A virtual assistant is a self-employed professional who provides administrative, technical, or creative support to clients from a remote location. They work across time zones, often juggling multiple clients at once, and communicate primarily through email, messaging apps, and video calls. Unlike a full-time hire, a VA brings flexibility — you pay only for hours worked or tasks completed, with no overhead costs attached.
The work ranges from simple data entry to complex project coordination. What makes VAs distinct is that they operate independently. They don't need managing the way an employee does — they manage themselves, deliver results, and invoice you for the work. That's the appeal.
Virtual Assistant Industry at a Glance

The VA industry has grown fast over the last decade. Remote work normalized during 2020–2022 pulled a lot of skilled professionals out of offices permanently — and many of them became VAs. That's good news if you're hiring: the talent pool is bigger and more experienced than it's ever been. You can find former executive assistants, operations managers, and marketing coordinators all offering their skills on a contract basis.
Here's the thing: not all virtual assistants are built the same. The term covers a wide spectrum — from a $10/hr general assistant handling data entry to a $50/hr executive VA who manages a CEO's entire schedule, communications, and travel logistics. Knowing which type you need before you post a job listing saves you a lot of wasted interviews and bad starts.
The proliferation of freelance platforms has also made hiring easier than it's ever been. Upwork alone has hundreds of thousands of VAs at any skill level and price point. Knowing what you want before you post gets you better applicants — fast.
Types of Virtual Assistants
The generalist is the most common type. They handle email management, appointment scheduling, data entry, basic research, and document formatting. Good entry point if you're new to delegation and want to offload routine work without paying premium rates. Typically $10–$20/hr.
General VAs work well for solopreneurs, small business owners, and anyone drowning in administrative tasks. They don't specialize — but that's often exactly what you need. Set clear SOPs (standard operating procedures) and a generalist can run your inbox while you focus on the work that actually requires you.
Choosing the right type matters more than people expect. Hiring a general VA to run executive-level calendar management usually ends in frustration — for both sides. Be specific about your needs before you start looking. Write down three to five recurring tasks that consume the most time in your week.

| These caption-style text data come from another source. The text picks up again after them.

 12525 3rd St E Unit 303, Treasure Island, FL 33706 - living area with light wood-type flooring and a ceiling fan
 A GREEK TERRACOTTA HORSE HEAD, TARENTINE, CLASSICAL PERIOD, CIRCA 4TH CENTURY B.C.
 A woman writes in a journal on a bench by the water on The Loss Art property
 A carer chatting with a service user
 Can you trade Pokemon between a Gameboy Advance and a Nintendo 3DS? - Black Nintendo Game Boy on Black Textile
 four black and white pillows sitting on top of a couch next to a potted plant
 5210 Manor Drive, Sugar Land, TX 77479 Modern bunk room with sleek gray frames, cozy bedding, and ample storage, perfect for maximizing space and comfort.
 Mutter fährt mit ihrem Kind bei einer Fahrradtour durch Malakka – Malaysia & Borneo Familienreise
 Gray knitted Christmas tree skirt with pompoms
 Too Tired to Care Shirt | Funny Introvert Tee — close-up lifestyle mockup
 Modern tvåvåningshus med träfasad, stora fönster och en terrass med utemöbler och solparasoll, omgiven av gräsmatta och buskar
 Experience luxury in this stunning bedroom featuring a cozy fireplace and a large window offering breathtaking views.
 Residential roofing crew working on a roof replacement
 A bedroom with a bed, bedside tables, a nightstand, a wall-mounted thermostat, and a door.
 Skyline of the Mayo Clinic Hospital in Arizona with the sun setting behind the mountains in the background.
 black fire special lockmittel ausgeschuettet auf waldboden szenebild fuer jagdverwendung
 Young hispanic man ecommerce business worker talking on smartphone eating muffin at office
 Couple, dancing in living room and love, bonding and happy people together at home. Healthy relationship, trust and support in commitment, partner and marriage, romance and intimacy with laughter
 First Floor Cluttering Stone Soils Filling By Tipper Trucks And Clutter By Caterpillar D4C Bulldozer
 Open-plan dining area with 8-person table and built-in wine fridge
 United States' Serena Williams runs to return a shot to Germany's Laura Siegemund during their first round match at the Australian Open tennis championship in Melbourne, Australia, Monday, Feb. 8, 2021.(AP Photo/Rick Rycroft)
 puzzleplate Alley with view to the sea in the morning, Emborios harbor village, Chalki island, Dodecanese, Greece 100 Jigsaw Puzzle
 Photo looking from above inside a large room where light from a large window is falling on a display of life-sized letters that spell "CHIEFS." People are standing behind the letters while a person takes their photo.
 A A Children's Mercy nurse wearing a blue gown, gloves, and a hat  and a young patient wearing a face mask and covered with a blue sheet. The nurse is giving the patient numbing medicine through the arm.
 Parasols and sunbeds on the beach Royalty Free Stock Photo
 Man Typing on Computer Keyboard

That list is your hiring brief.
If you're looking to break into the field yourself, knowing your specialty helps you charge more and attract better clients. Browse virtual assistant jobs by specialty to see which roles have the most demand and the highest rates right now. The data tends to favor specialized VAs — generalists fill a need, but specialists command real market rates.
There's also a hybrid model worth knowing about: the fractional executive assistant. They work with two or three high-profile clients at 10–20 hours each, earning executive-level rates without committing full-time to any single business. It's a model that's become increasingly popular as more executives recognize the value of premium remote support.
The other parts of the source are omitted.